Welcome back, friends. Hope you all had a wonderful week. Thanks to everyone who came out last weekend and wrote stories. Thanks also to Sal Page for reading and judging. You’ll find her comments below.
Holy Water and the Church of Greasy Hamburgers by Richard Edenfield. Great title. Family holiday/day out as religion. The characters of the parents are wonderfully drawn with mentions of their little ways. The mother only ever eating other people’s fries and the father’s obvious-to-all stinginess. The stick of chewing gum like the lake’s diving board and ‘The water felt like a good pair of worn jeans, instantaneously friendly and knowable’ are both ‘spot on’ similes. For all their quirky ways, they feel like a normal family. The idea of them ignoring each other and in silence at the end as their way of achieving togetherness feels very true to life.
Fishin’ in the Rivers of Time by AV Laidlaw. Another lovely title. Four adults briefly relive their childhood. The noticed details of how they have changed now they’re older give way to acting like children again. But things are not the same: the heat feels different, the planks are worm-eaten and the hut is mildewed. And then that last line shows the past is the past and their reliving has been a brief act. Nicely done.
Cliché for Lemmings by Steph Ellis cleverly uses the prompt in a metaphorical way. ‘Dip your toe in the water, they said, no need to dive straight in.’ The narrator, though, does dive right in, lemming-like, persuaded to be part of a medical trail because they’ve invested in the company. At the end the narrator is having an out-of-body experience …‘died and gone to heaven’ metaphorically or literally?

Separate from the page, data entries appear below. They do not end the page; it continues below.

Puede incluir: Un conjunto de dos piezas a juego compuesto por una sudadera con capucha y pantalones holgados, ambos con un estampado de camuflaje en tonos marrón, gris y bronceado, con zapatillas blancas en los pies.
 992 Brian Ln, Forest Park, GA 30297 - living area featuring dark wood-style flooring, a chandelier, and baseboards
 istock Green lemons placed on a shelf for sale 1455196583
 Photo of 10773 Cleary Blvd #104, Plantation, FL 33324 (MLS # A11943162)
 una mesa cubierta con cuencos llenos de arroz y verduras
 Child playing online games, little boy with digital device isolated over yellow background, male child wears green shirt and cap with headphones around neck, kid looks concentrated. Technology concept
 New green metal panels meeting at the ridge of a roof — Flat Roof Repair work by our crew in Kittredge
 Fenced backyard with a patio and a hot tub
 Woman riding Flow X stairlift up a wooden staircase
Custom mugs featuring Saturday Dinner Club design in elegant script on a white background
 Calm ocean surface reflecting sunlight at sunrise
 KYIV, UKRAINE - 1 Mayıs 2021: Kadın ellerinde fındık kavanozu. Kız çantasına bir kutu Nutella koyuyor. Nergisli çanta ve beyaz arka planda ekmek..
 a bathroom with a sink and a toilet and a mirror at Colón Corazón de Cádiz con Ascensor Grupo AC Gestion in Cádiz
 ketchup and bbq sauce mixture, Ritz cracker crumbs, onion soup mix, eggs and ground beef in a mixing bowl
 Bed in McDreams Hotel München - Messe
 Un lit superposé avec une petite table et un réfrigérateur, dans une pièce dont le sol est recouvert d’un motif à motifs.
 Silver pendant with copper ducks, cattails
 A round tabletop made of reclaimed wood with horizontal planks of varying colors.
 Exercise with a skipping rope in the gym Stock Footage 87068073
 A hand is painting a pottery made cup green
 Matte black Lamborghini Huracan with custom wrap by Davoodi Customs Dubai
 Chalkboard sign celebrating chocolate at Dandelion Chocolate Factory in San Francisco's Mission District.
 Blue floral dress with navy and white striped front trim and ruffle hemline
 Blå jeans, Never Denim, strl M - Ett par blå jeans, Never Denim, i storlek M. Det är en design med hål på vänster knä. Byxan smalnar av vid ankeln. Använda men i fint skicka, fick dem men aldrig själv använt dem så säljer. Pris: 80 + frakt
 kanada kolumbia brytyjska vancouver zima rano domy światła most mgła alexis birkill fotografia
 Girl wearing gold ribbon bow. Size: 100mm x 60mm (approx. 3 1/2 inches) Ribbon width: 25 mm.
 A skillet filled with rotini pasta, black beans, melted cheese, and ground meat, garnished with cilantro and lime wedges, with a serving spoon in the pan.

In Green and Gold by Casey Rose Frank, the narrator’s remembering the past details of her and her friend’s youth, through colours, characters and conversations. I love the concept of ‘At the day. At nothing and everything’ and the description of the water on the decking in ‘secret inkblot messages’. The penultimate line spells out baldly where they are now and the ultimate confirms that this is all memories.
Practice Makes Perfect by CR Smith. Do we really need water to learn how to swim? I love the swimming instructor’s unconventional methods, the implication that he’s not letting his pupils anywhere near water until their technique is perfect. They practice their strokes and dive onto mats and the only water is in buckets to practice holding their breath. And the idea of a boy sent home for not taking it seriously is very funny. The whole concept is appealing in its absurdity and the image of them diving into the lake at the end leaves the reader wondering whether all this practice will have worked.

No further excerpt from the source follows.